伊勢は稲作と関係の深い神様をおまつりし、米の信仰の中心地です。 日本人にとって米は信仰そのもので、力の源泉とされてきた。味噌、醤油の原型はもともと魚を発酵させた魚醤が始まり。この文化が北上し揚子江のあたりで大豆に出会い、できあがった調味料が穀醤と言われる味噌や醤油です。 中国では、北は小麦と羊や牛、南は米と魚と豚となります。これが稲作地域の一般的な形態。日本は豚を落としてしまいました。日本の米文化は特異なものとなったわけです。弥生時代になって水田を作り始めると田の神の信仰が始まり東南アジアの稲作儀礼では動物を殺して神にささげることがおこなわれています。しかしその信仰を日本人は否定し始めます。肉食を禁止したのではなく、稲作がうまくいくように殺生を禁じたものと考えるべきだと私は思っています。米中心の体制は江戸時代の石高制で実現するのですが、中世の時代は米が十分いきわたらずに、肉を食べる必要があったのです。肉はけしからんと言って、米を食べていたのは上流の人、中流下流の人は米を十分に食べられなかったのです。  仏教の教えには殺生戒(肉を食べてはいけない)があるので精進料理が出てくる。これを伝えたのは、中国に行って禅宗を学んできた栄西や道元です。 道元は日本で最初に食のことを考えた思想家でした。道元は「典座教訓」と「赴粥飯法」という2冊の本を書きました。対極に位置したのが親鸞。道元が自力本願であったのに対し親鸞や法然は他力本願でした。道元は上級武士の信仰を集め、法然や親鸞は中下層の農民を布教の対象としていた。それらの人々は米が十分に食べられないので、魚や動物の肉をとって食べる、それが現実であった。法然の「百四十五箇条問答」があり弟子の親鸞は更にそれを発展させた浄土真宗をつくるが、親鸞は肉を食べて生活をしている人々をかなり見ている。そういう人を救う手だてはないかと模索します。これは、見=自分の為に殺されるところを見た動物の肉、聞=自分のために殺された肉であることを聞かされた肉、疑=自分のために殺されたのかもしれない肉。この「見、聞、疑」の不浄肉は食べてはいけないがそれ以外の肉は浄肉だから食べても良いという考えです。その親鸞の教えを唯円という弟子が歎異抄という本に書いています。いわゆる親鸞の悪人正機説という「善人なほもて、往生をとぐ、いわんや悪人をや」つまり善人が往生できるのであれば悪人が往生できないはずはない、というものです。   

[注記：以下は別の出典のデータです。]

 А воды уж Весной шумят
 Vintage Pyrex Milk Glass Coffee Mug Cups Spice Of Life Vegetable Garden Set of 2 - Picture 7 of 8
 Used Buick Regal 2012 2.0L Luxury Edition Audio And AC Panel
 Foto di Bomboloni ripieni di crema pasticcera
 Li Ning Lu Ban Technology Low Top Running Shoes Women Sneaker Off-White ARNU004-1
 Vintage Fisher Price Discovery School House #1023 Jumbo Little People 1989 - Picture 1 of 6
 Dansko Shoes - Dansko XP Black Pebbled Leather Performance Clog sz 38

この悪人は犯罪人ということではなく、この時代の悪というのは商人と漁師をさします。動物をとったりすることは悪行だと言われているが彼らはそういう環境におかれ仕方なくそれをやっているのだと。そういうかたちで肉食をする人を救おうとしたのが親鸞の悪人正機説です。道元と親鸞はまったく違う方向から米と肉の現実的な問題を見据え、それを哲学的に解釈し宗教をつくりあげていきました。これが江戸時代になると次第に払拭されてきます。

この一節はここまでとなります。